Content starts

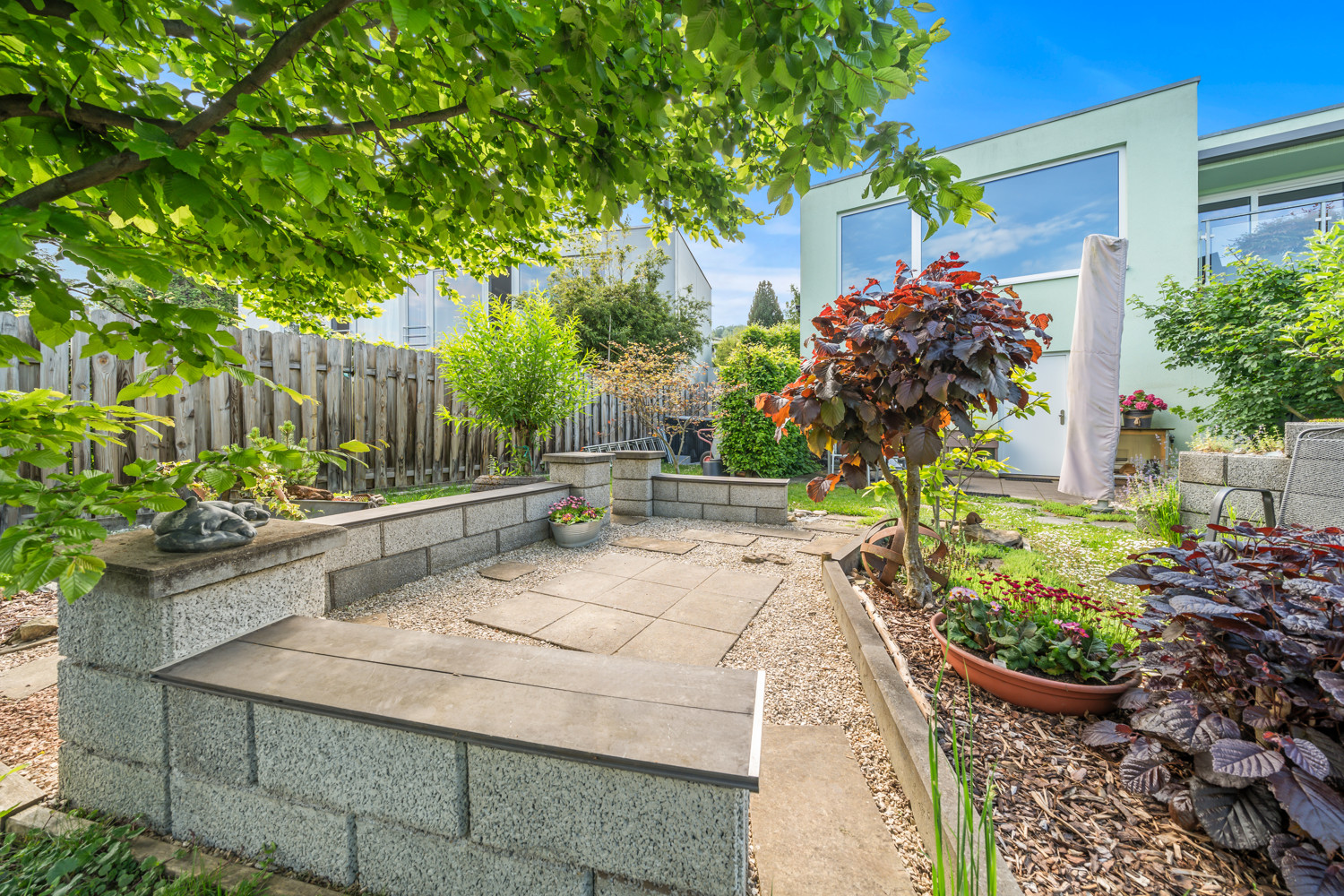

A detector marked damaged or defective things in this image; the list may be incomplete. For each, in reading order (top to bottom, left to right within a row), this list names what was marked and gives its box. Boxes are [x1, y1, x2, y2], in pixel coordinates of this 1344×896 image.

rusty metal wheel [855, 518, 952, 588]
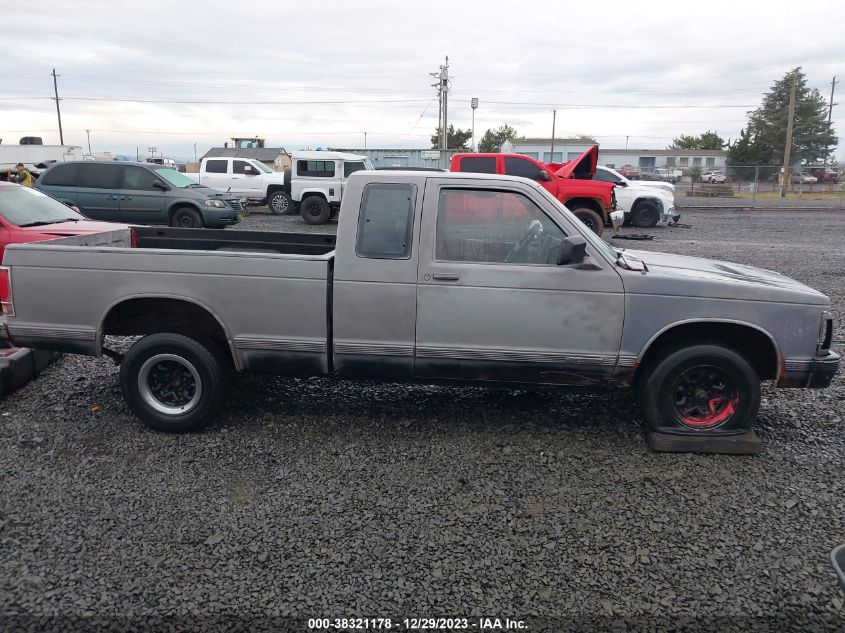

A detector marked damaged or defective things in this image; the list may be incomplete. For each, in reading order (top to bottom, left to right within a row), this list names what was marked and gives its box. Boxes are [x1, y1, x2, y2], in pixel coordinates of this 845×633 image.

damaged red truck [448, 146, 612, 237]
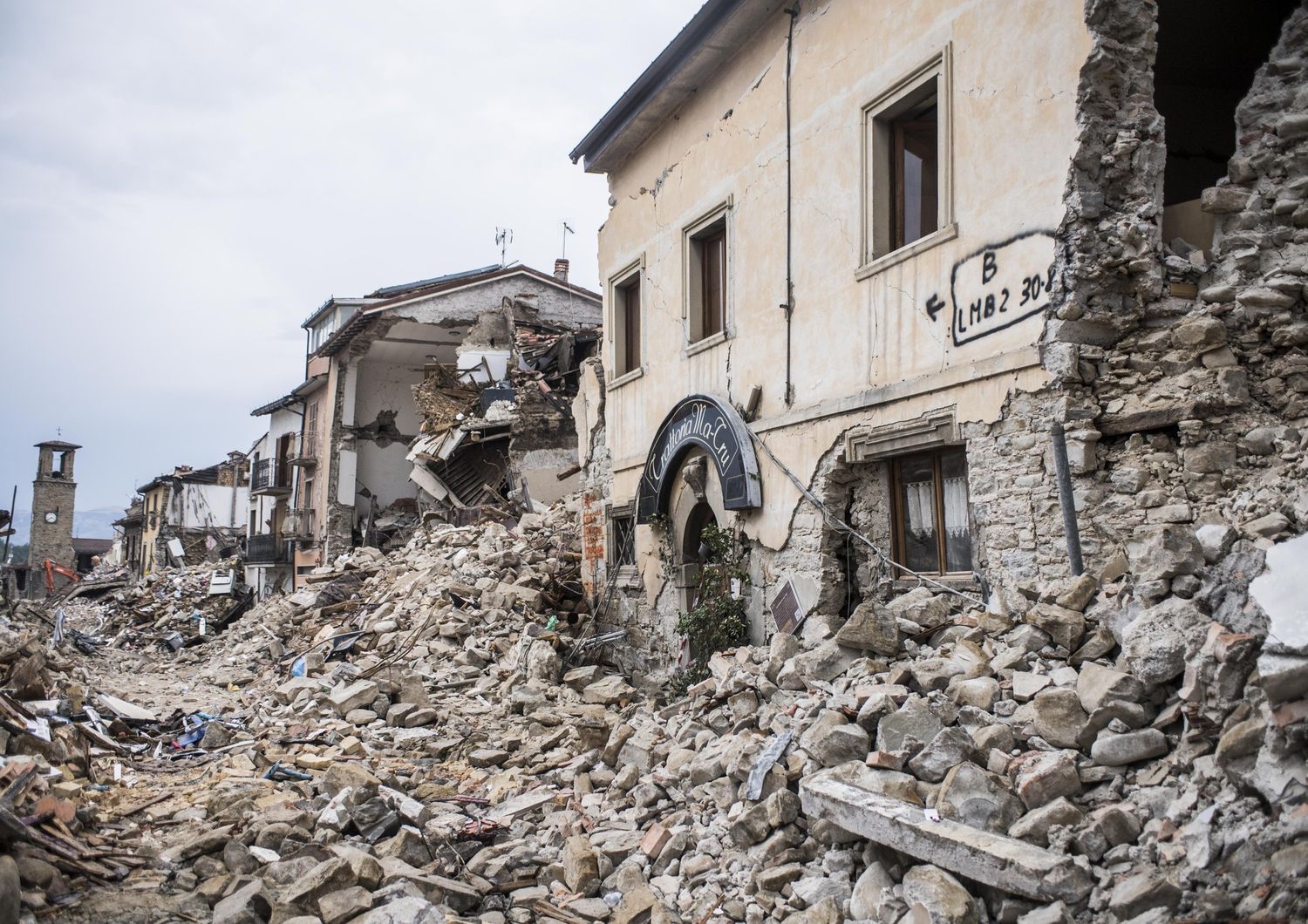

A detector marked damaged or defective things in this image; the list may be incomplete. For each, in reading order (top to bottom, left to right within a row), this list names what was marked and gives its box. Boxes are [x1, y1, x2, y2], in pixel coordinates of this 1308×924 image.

damaged facade [281, 263, 603, 582]
damaged facade [572, 0, 1308, 708]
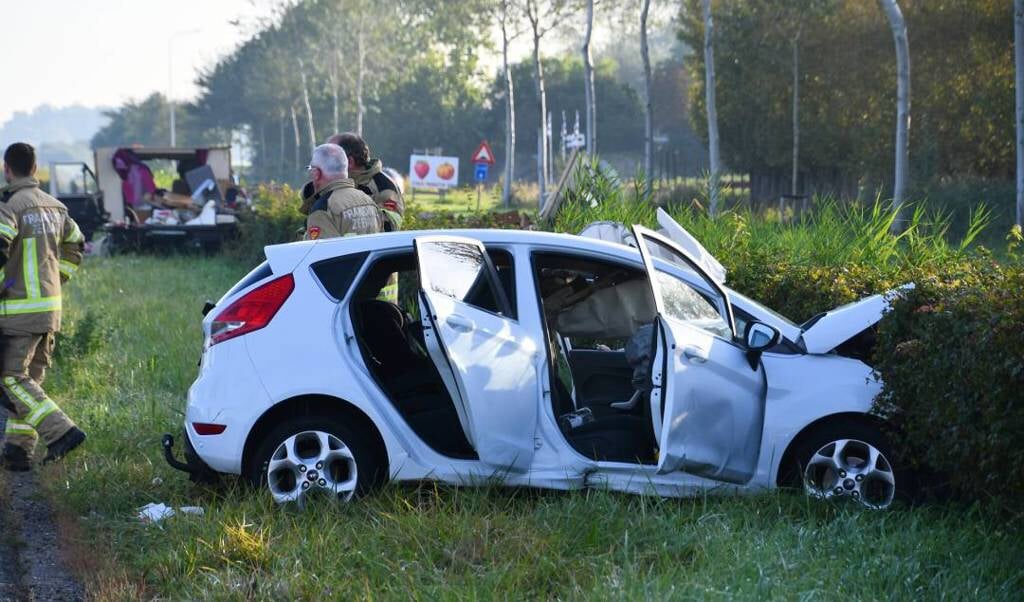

Content ends

# EXERCISE:
Each line from the one holding "this 1308×924 image." down to the end of the records is to be reproduced unaltered, and the pictures are to be omitted.

# ANSWER AREA:
A detector marked damaged or defective things in this image; the list may be incomplete. For each, in reading order (top to bottom, left to right within a row), this list names what was marked and gives its box. Boxes are [x1, y1, x2, y2], in pixel coordinates of this 1308×924 image.

damaged facade [281, 263, 603, 582]
damaged facade [572, 0, 1308, 708]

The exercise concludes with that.